The only direct way to assess predictive accuracy is to use separate training data and testing data. That is, for a given model, parameters should be estimated using one dataset (the training set) and performance should be assessed using a separate dataset (the test set); alternatively, a single dataset can be divided or resampled into many overlapping training and testing subsets, as in cross-validation or bootstrapping. This procedure corresponds to how science generally values theories that make new predictions over those that only explain what is already known.

### The present study

The goal of the present study was to compare the accuracy of a wide variety of statistical procedures for predicting intertemporal choices. These procedures included models of the kind discussed earlier, which attempt to describe how people actually make decisions, as well as generic machine-learning techniques without ties to psychological theory. Subjects completed a standard set of 100 binary forced choices that covered a range of delays and rewards. Then we used cross-validation (on a within-subject basis) to assess the predictive accuracy of each model.

## Method

### Models

We examined 10 models of varying complexity and psychological plausibility; see Table 1 for a terse summary. The word "model" is something of a misnomer—some of the models we considered do not meaningfully attempt to model a natural process, psychological or otherwise. Rather, the common function of our 10 models is to take a training set of *quartets* (sets of an SS delay, SS reward amount, LL delay, and LL reward amount) and *choices* (each being either SS or LL) for a single subject, as well as a test set of quartets without accompanying choices, and predict what choices the subject in question made in the test set. In short, we regard our models as black-box prediction machines, or in the language of machine learning, learners.

The simplest of our models is Majority, which predicts whatever choice appears most often in the training set for every case in the test set. When choices in the training set are evenly split, Majority chooses SS or LL at random. We intended Majority as a baseline: models can only perform meaningfully well to the extent that they improve upon Majority.
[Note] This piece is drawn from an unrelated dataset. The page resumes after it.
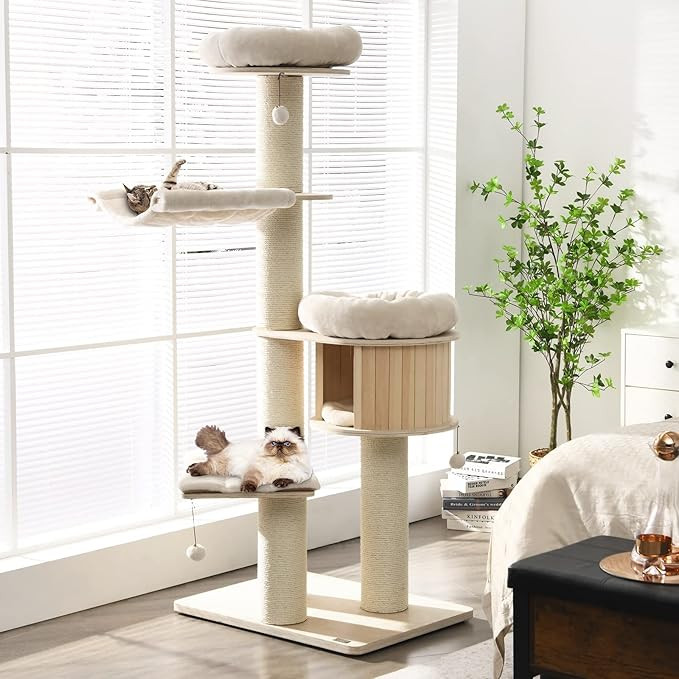 Tangkula Modern Cat Tree, Multi-Level Large Cat Tower with Condo, Hammocks & Hanging Basket, Tall... | Amazon (US)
A simple but less simplistic model is KNN, which uses `k`-nearest neighbors. The `k`-nearest neighbors algorithm, for a given positive integer `k`, predicts the dependent variable `Y` for a given case in the test set by taking the most frequent value of `Y` in the `k` cases in the training set nearest to the test case (Hastie, Tibshirani, & Friedman, 2009, p. 463). KNN finds the nearest cases by Euclidean distance, where each case's coordinates are its quartet components (standardized to have mean 0 and variance 1, so all four components are treated equally). `k` is chosen with inner rounds of cross-validation on the training data; it is allowed to range from 1 to 20 (or half the size of the training set, if the training set has less than 40 cases).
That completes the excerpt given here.